* _Instructions to follow_: For the material below, return exactly the lines starting at the line containing "Bohemian Turkish Square" and ending at the line containing "Tavero Vintage Path Light", both ends included, and no others.

* _Provided data_:
╔══

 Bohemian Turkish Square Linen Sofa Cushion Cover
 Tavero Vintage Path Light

╚══
╔══

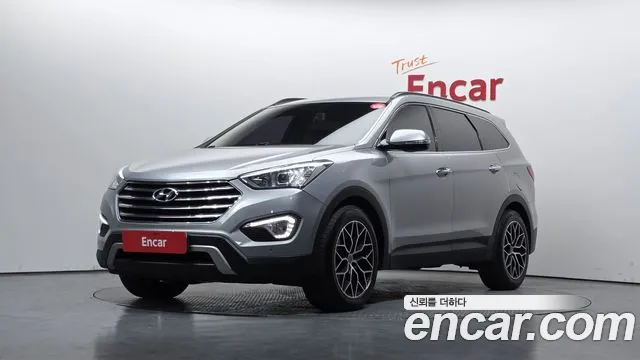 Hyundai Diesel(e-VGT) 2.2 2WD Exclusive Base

╚══

* _Expected answer_:
 Bohemian Turkish Square Linen Sofa Cushion Cover
 Tavero Vintage Path Light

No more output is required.